Three interrelated barriers to interprofessional collaboration were recently identified: the way in which each profession educates its students, the lack of a common foundation when health professions try to work in team settings, and health care delivery models that make it difficult to provide high quality patient care.46 It is quite natural for providers to be resistant to change and fearful about the potential loss of autonomy in an interprofessional model. In addition, some organizations that use health care teams may be more resistant to innovation and change.
To create a culture for interprofessional collaboration in clinical practice, these barriers must be overcome. A shared learning environment and collaborative practice setting may help to alleviate these tendencies. Interprofessional continuing education may also help to facilitate a positive and collegial team environment. Evaluation of a program’s effectiveness is a key element to overcoming the relative lack of evidence for an interprofessional approach to education and ultimately to interprofessional patient care environments. Such evaluations would provide the opportunity to assess health outcomes and patient satisfaction. In this way, programs can learn from previous success and failures.
Carroll-Johnson summarized what interprofessional collaboration could achieve for all, “Imagine a world where each group’s expertise is held in regard, offered, and shared as the need arises. Imagine a time when the patient can determine which kinds of practitioners he or she needs or wants, and then imagine a system that makes those professionals available.”47, p 619 APHA—

1. Calls on health professions education programs and schools of public health to incorporate coursework and clinical training emphasizing cross-disciplinary and interprofessional interactions including the development of an interdisciplinary curriculum.
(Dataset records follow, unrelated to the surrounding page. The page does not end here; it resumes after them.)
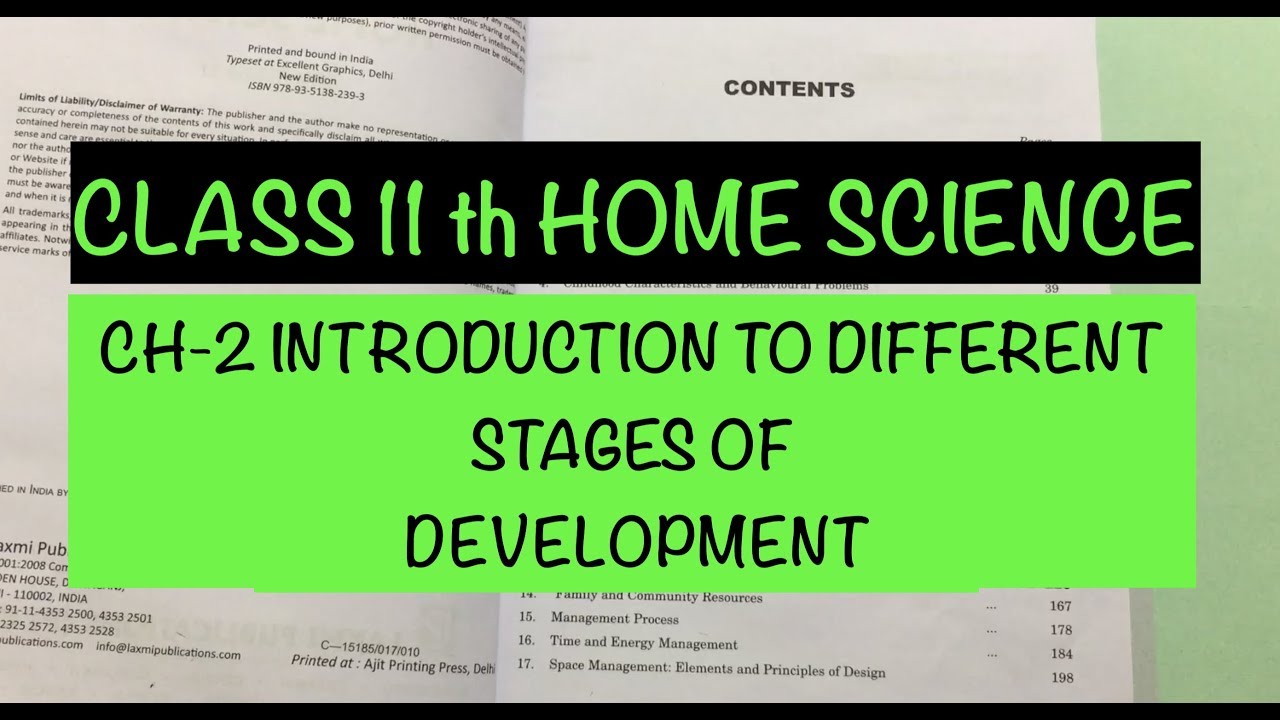 CLASS - 11 Th HOME SCIENCE FULL CHAPTER - 2 - YouTube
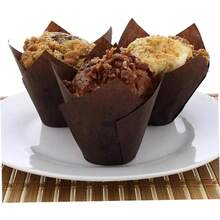 Cupcake De Tulipán Natural Moldes Para Hornear Muffins Y Cupcakes De Tulipán Natural Vasos Desechables Para Hornear Estuches Para - 1 - Ver 5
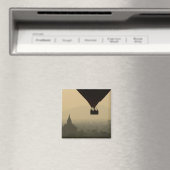 Aimant Asie, Myanmar, Bagan, ballon sur les temples de (In Situ (Lave-vaisselle))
2. Calls on health professions education programs and schools of public health to evaluate the outcomes of curricular changes to assess differences in students’ and graduates’ communication skills, knowledge, attitudes, and understanding of the roles of different members of the interprofessional health care team.
3. Urges health professions education programs and schools of public health to rigorously evaluate the impact of interprofessional education on professional practice and health care outcomes.
4. Encourages providers of continuing professional education to offer training and courses in interprofessional care featuring a multidisciplinary faculty of recognized experts from different disciplines and different health care fields.
5. Urges health care researchers to form interprofessional collaborations for the study of health care education and health policy.
6. Urges the Agency for Healthcare Research and Quality (AHRQ) and other funding agencies to fund research on the effectiveness of interprofessional health care education.
7. Urges AHRQ to fund the use of new technologies and the development of an Internet clearinghouse for interprofessional health care education.